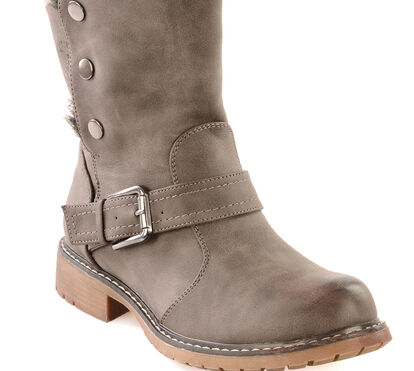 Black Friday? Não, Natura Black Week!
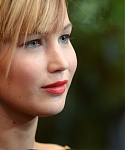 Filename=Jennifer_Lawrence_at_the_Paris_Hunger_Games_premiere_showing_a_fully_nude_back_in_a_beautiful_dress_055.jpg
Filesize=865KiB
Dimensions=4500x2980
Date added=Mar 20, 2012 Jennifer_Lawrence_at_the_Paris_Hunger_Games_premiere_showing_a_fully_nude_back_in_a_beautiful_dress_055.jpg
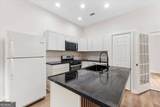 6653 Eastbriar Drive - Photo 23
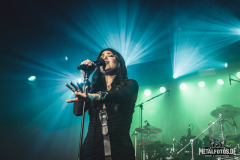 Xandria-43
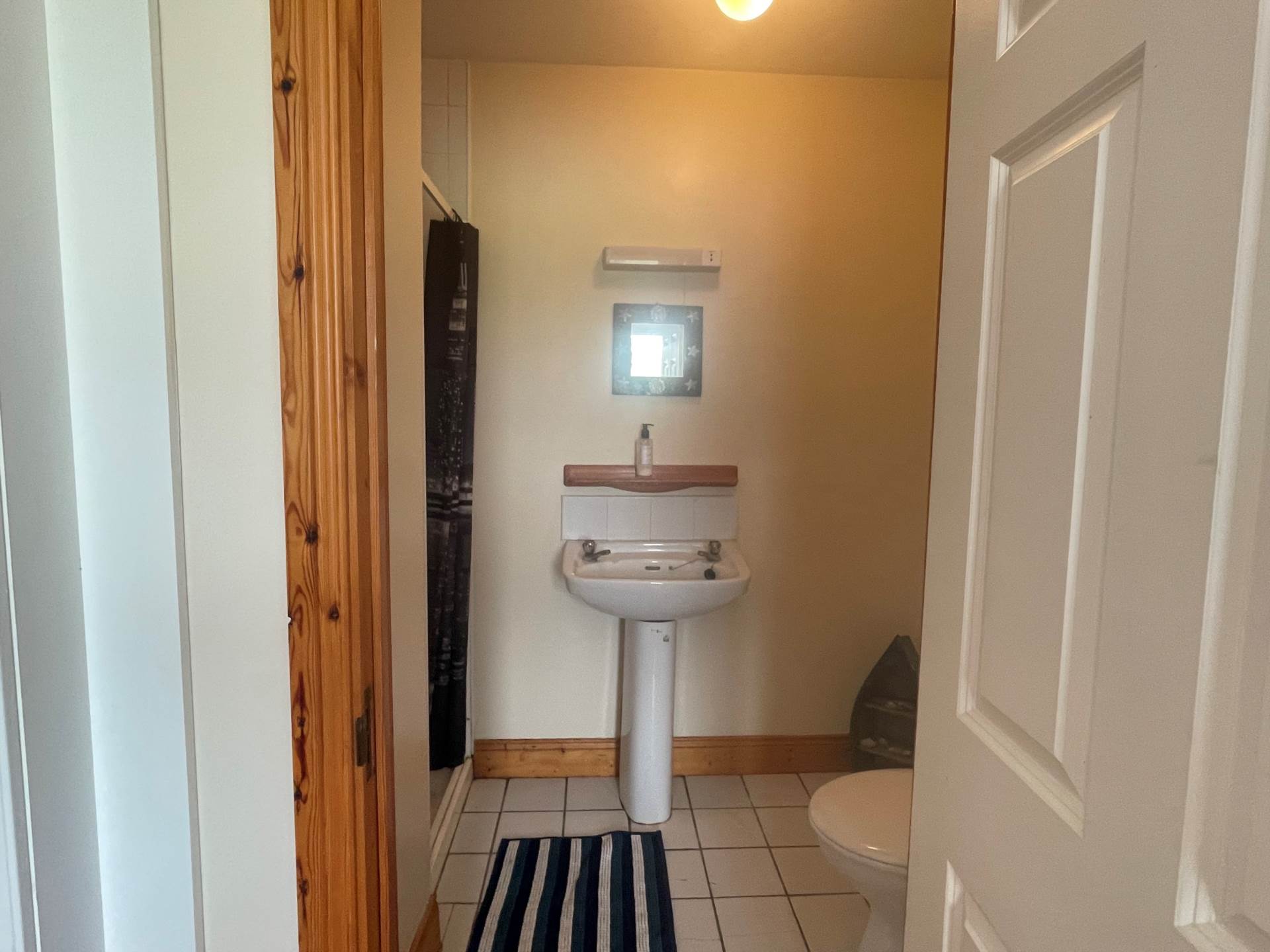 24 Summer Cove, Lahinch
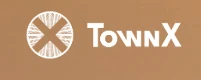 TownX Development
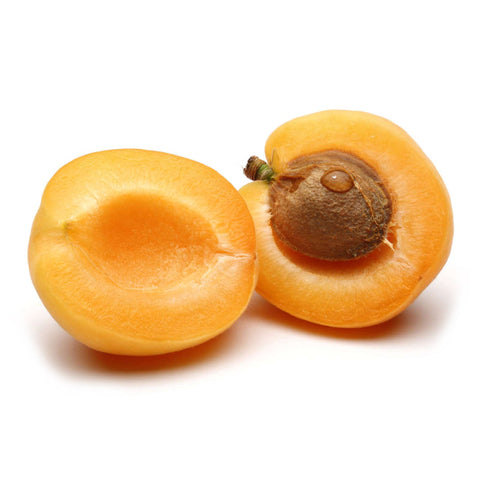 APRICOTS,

...

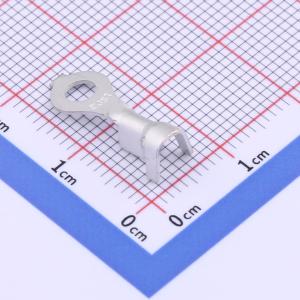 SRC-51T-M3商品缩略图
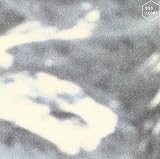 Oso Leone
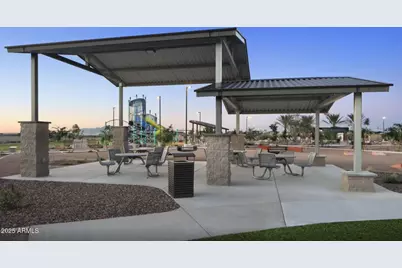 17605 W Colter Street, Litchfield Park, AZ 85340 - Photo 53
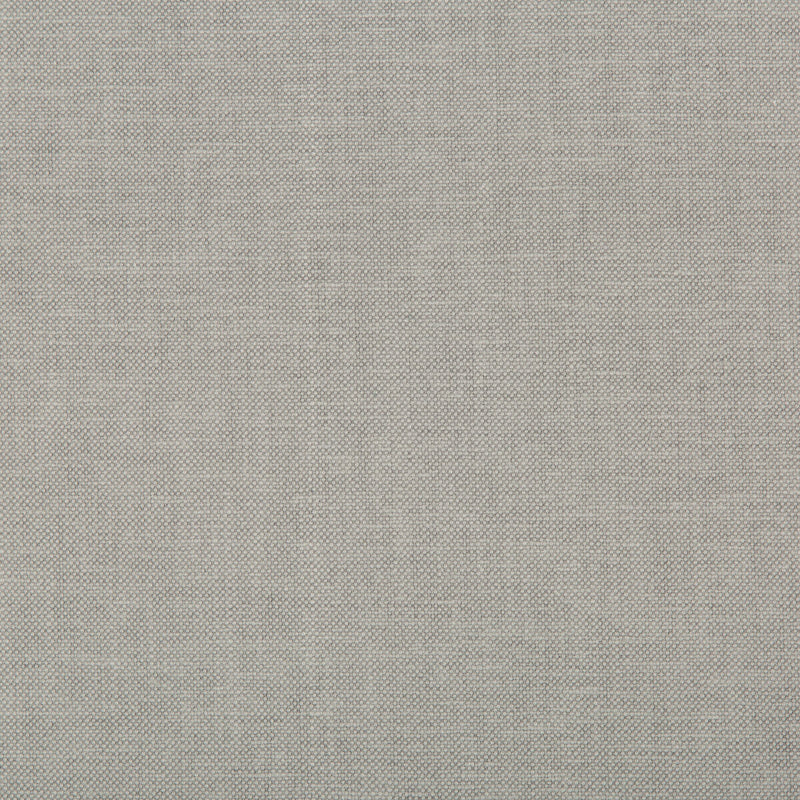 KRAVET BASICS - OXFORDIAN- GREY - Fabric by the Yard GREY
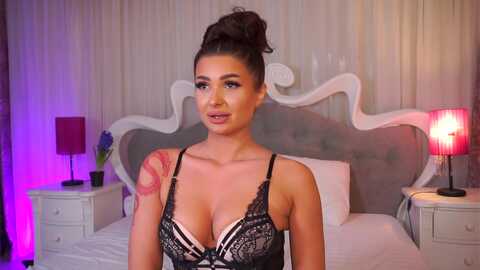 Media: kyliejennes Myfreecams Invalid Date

...

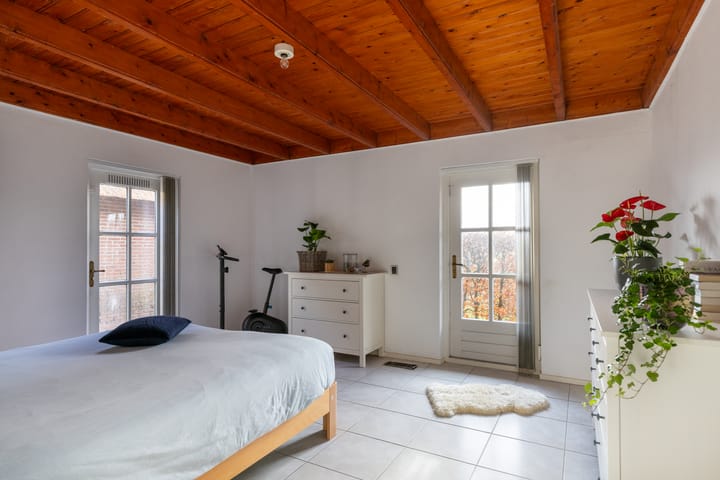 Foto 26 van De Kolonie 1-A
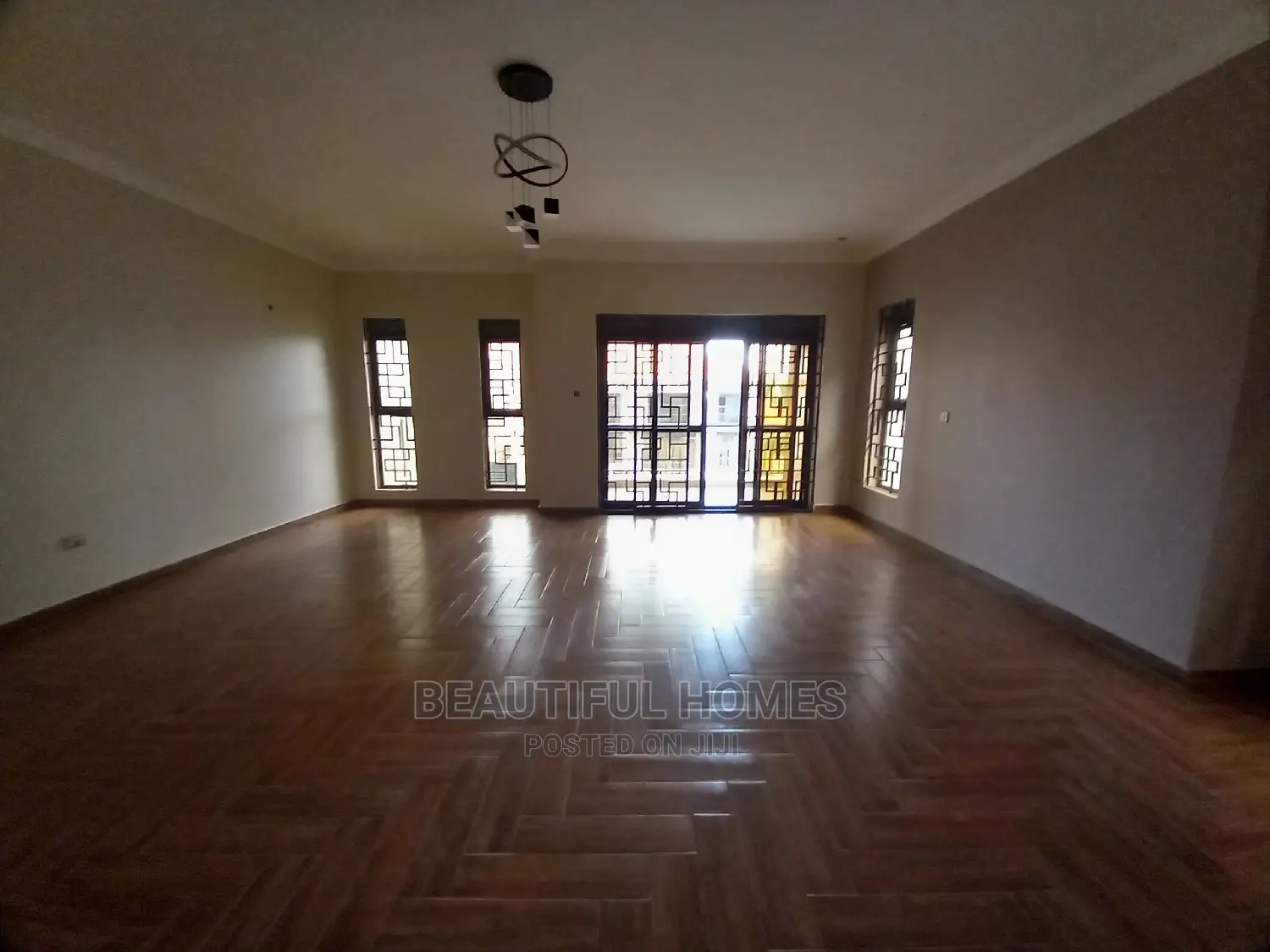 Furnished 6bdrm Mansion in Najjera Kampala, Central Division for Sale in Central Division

Assignment: Look through the listing above for the line with "Foto 26 van De Kolonie 1-A" and the line with "Furnished 6bdrm Mansion". Write out exactly those lines and everything between, leaving out pictures.

Finished exercise:
 Foto 26 van De Kolonie 1-A
 Furnished 6bdrm Mansion in Najjera Kampala, Central Division for Sale in Central Division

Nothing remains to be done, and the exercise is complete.